ATHENS: European governments clashed over options to help Greece meet its short-term cash needs while it waits for a eurozone bailout deal to be finalised, officials said on Tuesday. Britain, which does not use the euro, has already said it will resist contributing to any bridge financing to get Greece through several huge debt repayments while details are settled after Monday’s hard-won agreement.
“I can confirm that concerns were raised by several non-euro member states, this is something we will have to take into account,” said Valdis Dombrovskis, the EUs Vice-President for the euro after a meeting with European finance ministers. “Pretty much all options are quite difficult and have political, legal and financial complications,” the former Latvian premier said.Bilateral loans are another option that have been raised, but like the others that would pose difficulties, ministers said.

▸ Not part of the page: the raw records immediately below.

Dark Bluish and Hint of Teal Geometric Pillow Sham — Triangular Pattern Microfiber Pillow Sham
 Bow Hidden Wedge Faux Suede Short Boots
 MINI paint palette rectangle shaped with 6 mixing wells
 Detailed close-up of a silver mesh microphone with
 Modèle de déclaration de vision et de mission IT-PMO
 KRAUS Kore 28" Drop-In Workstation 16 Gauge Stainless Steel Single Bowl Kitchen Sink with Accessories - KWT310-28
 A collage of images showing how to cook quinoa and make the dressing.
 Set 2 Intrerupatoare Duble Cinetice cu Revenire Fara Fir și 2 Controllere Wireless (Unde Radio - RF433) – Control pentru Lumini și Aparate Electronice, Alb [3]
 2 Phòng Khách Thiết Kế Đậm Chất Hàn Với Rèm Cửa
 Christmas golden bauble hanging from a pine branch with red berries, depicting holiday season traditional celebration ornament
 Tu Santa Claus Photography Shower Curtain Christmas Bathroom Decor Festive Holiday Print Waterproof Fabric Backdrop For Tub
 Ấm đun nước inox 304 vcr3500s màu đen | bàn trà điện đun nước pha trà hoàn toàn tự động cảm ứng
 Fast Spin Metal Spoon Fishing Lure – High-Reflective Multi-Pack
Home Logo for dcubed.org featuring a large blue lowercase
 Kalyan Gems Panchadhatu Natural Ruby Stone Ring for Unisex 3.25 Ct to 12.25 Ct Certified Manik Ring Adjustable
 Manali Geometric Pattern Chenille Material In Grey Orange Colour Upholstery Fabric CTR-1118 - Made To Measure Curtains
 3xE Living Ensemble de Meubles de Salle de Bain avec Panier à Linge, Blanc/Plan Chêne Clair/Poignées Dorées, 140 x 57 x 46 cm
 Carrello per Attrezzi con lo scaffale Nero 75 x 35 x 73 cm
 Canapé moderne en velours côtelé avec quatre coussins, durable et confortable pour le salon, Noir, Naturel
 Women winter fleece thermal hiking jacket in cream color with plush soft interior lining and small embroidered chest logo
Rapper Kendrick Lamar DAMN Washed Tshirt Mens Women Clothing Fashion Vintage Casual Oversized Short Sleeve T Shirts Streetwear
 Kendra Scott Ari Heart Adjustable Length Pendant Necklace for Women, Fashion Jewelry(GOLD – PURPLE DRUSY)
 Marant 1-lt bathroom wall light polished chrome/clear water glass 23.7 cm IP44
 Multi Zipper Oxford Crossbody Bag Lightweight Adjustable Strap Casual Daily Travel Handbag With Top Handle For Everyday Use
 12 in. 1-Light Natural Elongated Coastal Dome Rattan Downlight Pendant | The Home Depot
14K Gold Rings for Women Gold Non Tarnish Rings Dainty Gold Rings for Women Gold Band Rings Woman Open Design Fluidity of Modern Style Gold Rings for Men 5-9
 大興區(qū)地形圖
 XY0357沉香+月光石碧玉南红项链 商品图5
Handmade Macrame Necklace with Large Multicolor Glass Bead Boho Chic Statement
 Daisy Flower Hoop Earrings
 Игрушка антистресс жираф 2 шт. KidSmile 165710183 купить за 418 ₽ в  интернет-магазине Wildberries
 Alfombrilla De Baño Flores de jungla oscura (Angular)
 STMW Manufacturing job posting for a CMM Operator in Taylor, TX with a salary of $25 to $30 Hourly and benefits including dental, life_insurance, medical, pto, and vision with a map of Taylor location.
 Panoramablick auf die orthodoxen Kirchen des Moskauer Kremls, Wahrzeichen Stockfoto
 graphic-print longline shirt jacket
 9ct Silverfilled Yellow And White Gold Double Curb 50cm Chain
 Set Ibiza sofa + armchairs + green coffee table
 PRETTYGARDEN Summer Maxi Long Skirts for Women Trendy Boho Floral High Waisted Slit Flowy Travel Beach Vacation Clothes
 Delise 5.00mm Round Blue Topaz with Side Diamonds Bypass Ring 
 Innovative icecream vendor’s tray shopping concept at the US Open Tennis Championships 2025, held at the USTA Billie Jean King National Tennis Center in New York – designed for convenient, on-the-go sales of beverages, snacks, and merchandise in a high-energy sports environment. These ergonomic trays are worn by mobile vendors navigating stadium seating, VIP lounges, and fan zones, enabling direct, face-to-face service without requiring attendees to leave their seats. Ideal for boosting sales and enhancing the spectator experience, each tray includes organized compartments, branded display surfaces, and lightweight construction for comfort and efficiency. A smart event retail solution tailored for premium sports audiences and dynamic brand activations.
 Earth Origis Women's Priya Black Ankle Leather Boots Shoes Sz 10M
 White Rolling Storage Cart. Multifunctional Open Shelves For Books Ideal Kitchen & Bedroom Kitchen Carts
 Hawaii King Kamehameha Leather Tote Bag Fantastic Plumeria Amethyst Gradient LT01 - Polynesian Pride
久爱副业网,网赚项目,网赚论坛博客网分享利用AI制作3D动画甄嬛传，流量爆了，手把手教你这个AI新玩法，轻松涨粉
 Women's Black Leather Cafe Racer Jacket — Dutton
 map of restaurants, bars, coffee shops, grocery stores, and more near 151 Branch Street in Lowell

Finnish Finance Minister Alexander Stubb said it would be “difficult for any member states putting fresh money without conditionality.”Greek Prime Minister Alexis Tsipras struck an 85 billion euro bailout deal with his eurozone partners on Monday that involves painful reforms and a parliamentary vote by Wednesday on key austerity measures. But the deal will take at least four weeks to finalise and implement, and Greece’s creditors estimate Athens needs 12 billion euros to get through mid-August. Next Monday Greece owes the European Central Bank 4.2 billion euros and a default would force the ECB to cut off emergency loans keeping Athens banks afloat.
Greece already on Monday missed a second debt payment to the International Monetary Fund in two weeks, bringing the country’s arrears to the IMF to 2.0 billion euros, an unprecedented embarrassment for a developed nation.